Em resposta, o Instituto Atá afirma que a devolutiva foi enviada por e-mails, “com os passos finais e sua conclusão prevista para o encerramento do projeto”. Confira aqui a íntegra das respostas do Instituto.

Segundo os quilombolas entrevistados pela reportagem, a maior visibilidade da baunilha do Cerrado não resultou em algo positivo para a comunidade. Apesar do esforço coletivo, não existe controle de manejo e nem logística para dar conta da demanda. “Não estávamos preparados e nem tivemos uma formação para atender tanta procura”, diz o líder. “Não queríamos ser vistos só pela baunilha, e sim pela questão cultural que mantemos de geração em geração, isso é mais importante pra nós”.

COMISSÃO FOI IMPORTANTE PARA O GRUPO

As falhas de articulação interna identificadas após experiências com o instituto tiveram seu lado positivo. A AQK criou uma comissão fixa para acompanhamento de projetos e pesquisas e pretende formar grupos temáticos dentro da associação, sobre a produção agrícola e extrativismo, além de questões culturais e educativas.

Falta de diálogo, censura de protagonismo e comportamentos vistos como invasivos são situações corriqueiras no contato de entidades com comunidades tradicionais. Essas experiências geram desconfiança coletiva de grupos historicamente marcados pela opressão. “Esse tipo de situação ocorre em muitas comunidades quilombolas e também em grupos indígenas”, esclarece o professor Carlos Alexandre Plínio dos Santos, do departamento de Antropologia da Universidade de Brasília (UnB). “Isso acaba fazendo com que eles não queiram que pesquisas e projetos sejam realizados em suas áreas”.

Para ele, a falta de habilidade na abordagem às comunidades tradicionais “mina ONGs, institutos e pesquisadores que desejam desempenhar trabalhos sérios, respeitando as características culturais e hierárquicas destes povos”.

O professor integrou a coordenação do censo Brasil Quilombola em 2004, que teve como objetivo a realização de um diagnóstico socioeconômico das comunidades. As informações coletadas na pesquisa – entre 2004 e 2005 – serviram para implementar ações afirmativas direcionadas à população remanescente dos quilombos, alcançando cinquenta comunidades em todo país.

O primeiro passo da pesquisa foi o contato com os líderes para autorizarem a aplicação dos questionários. As equipes responsáveis fizeram reuniões com as comunidades e percorreram os territórios. “Em algumas localidades, por causa da extensão do território, foram realizados cursos de capacitação para que os próprios quilombolas aplicassem esses questionários”, relembra Carlos Alexandre.

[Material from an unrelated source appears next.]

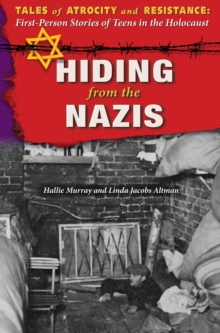 Hiding from the Nazis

Ao ser indagado sobre abordagens individuais por parte de instituições em comunidades tradicionais, o professor é categórico:

– Quando as instituições procuram indivíduos formam rachas na comunidade. Não existe um respeito às normas que eles mesmos construíram. As instituições deveriam procurar quem representa todo o território e respeitar a cadeia de comando das associações. É uma questão ética.

Na visão do especialista, a criação da Associação Quilombo Kalunga foi um importante passo rumo à unificação de um dos maiores quilombos do Brasil. “Existem mais de trinta núcleos populacionais em território kalunga, é muito difícil organizar todos esses núcleos”, diz. Mesmo com essa vitória coletiva, certas práticas continuam. Antes da formação das associações é importante lembrar que esses povos já eram organizados, segundo Carlos Alexandre. “Sempre houve uma forte hierarquia entre grupos familiares”.